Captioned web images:

------------------------------------------------------------------------

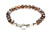 Women’s Greige Aurora Borealis Crystal Bracelet
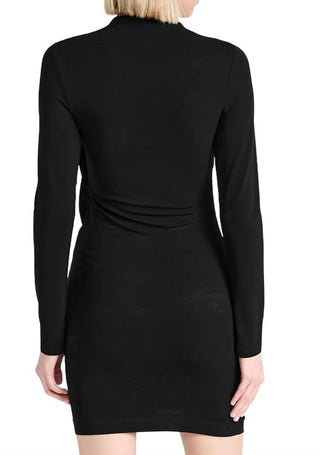 Enza Costa - Vestido envelope em jersey fosco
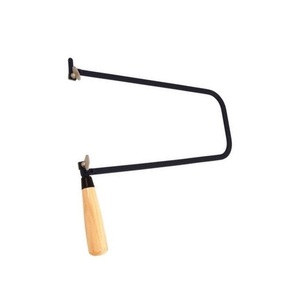 Cadre de scie à frettes en acier inoxydable, 300 mm, finition chromée brillante avec poignée en bois pour une prise en main confortable, outils de fabrication de bijoux - Product Image 5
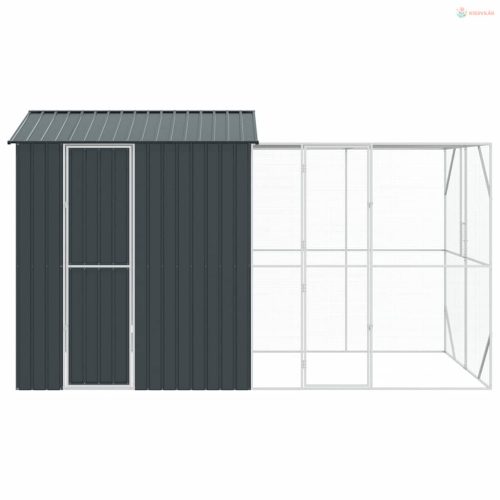 Madár kalitka Antracit 418 x 210 x 247 cm Horganyzott acél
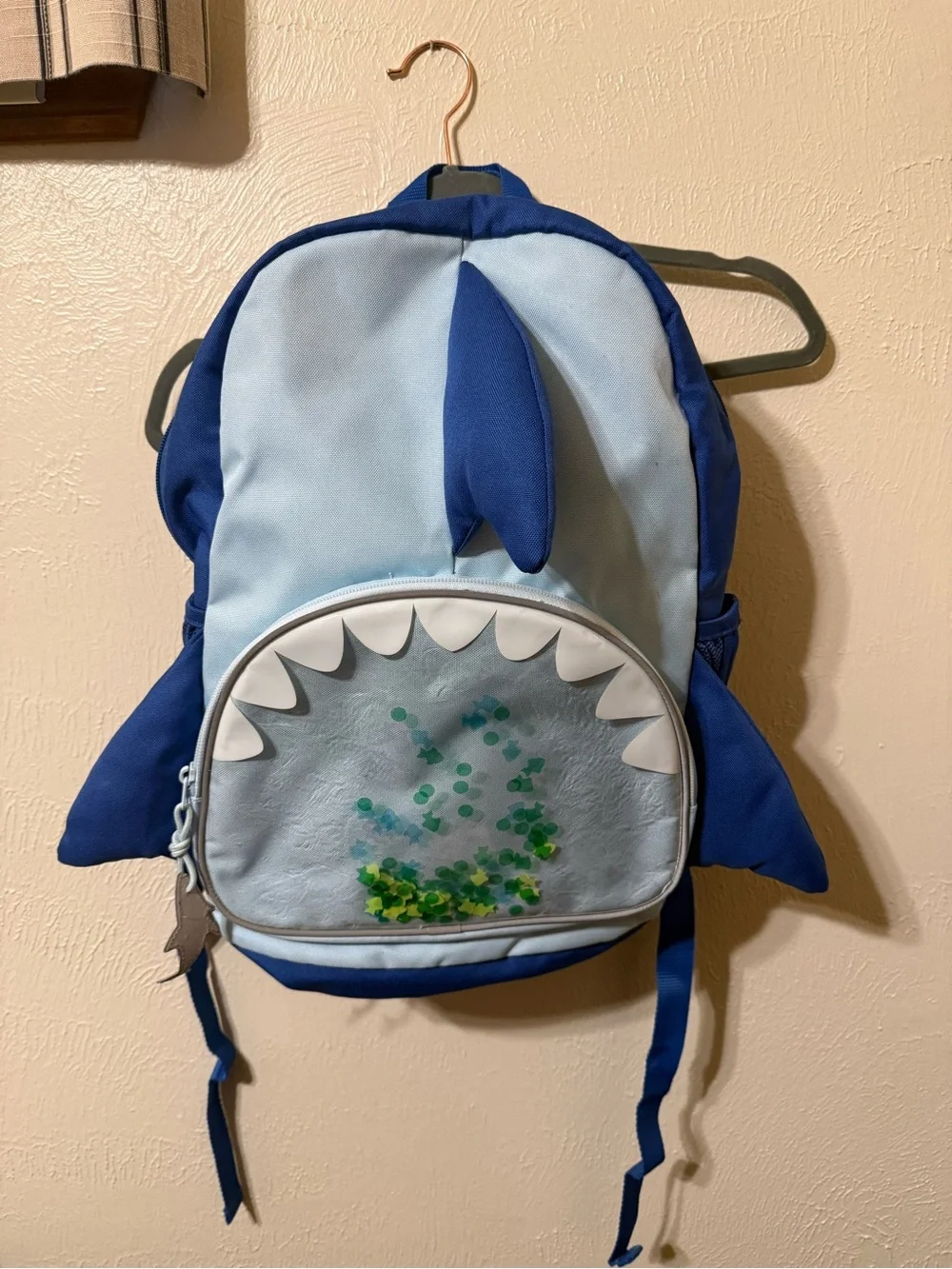 Kids Shark Backpack in Light Blue and Blue - Brand Unspecified
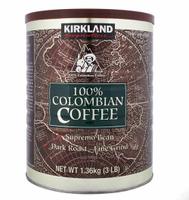 【現貨】Kirkland Signature 科克蘭 哥倫比亞濾泡式咖啡 1.36公斤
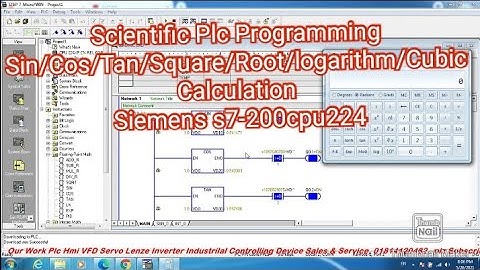 Scientific Plc Programming  Sin/Cos/Tan/Square/Root/logarithm/Cubic Calculation Siemens s7-200cpu224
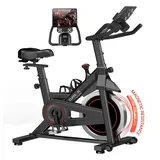 ROBORE Heimtrainer CBE20 Speedbike, 136 Belastbarkeit, leise& komfortable, mit Tablet-Halterung, für 140-190 cm, 0-100% Magnetischer Widerstand schwarz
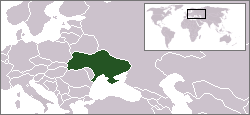 Karte Ukraine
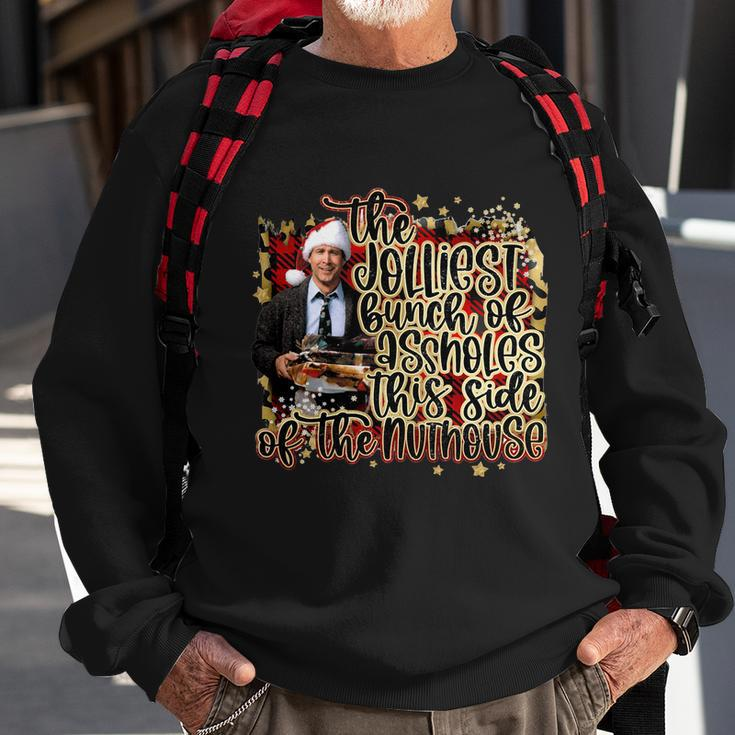 The Jolliest Bunch Of Christmas Shirt Funny Christmas Sweatshirt Gifts for Old Men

------------------------------------------------------------------------

What you will do:
An exact repeat of all the data is required, pictures excluded.

Answer section:
 Women’s Greige Aurora Borealis Crystal Bracelet
 Enza Costa - Vestido envelope em jersey fosco
 Cadre de scie à frettes en acier inoxydable, 300 mm, finition chromée brillante avec poignée en bois pour une prise en main confortable, outils de fabrication de bijoux - Product Image 5
 Madár kalitka Antracit 418 x 210 x 247 cm Horganyzott acél
 Kids Shark Backpack in Light Blue and Blue - Brand Unspecified
 【現貨】Kirkland Signature 科克蘭 哥倫比亞濾泡式咖啡 1.36公斤
 Scientific Plc Programming  Sin/Cos/Tan/Square/Root/logarithm/Cubic Calculation Siemens s7-200cpu224
 ROBORE Heimtrainer CBE20 Speedbike, 136 Belastbarkeit, leise& komfortable, mit Tablet-Halterung, für 140-190 cm, 0-100% Magnetischer Widerstand schwarz
 Karte Ukraine
 The Jolliest Bunch Of Christmas Shirt Funny Christmas Sweatshirt Gifts for Old Men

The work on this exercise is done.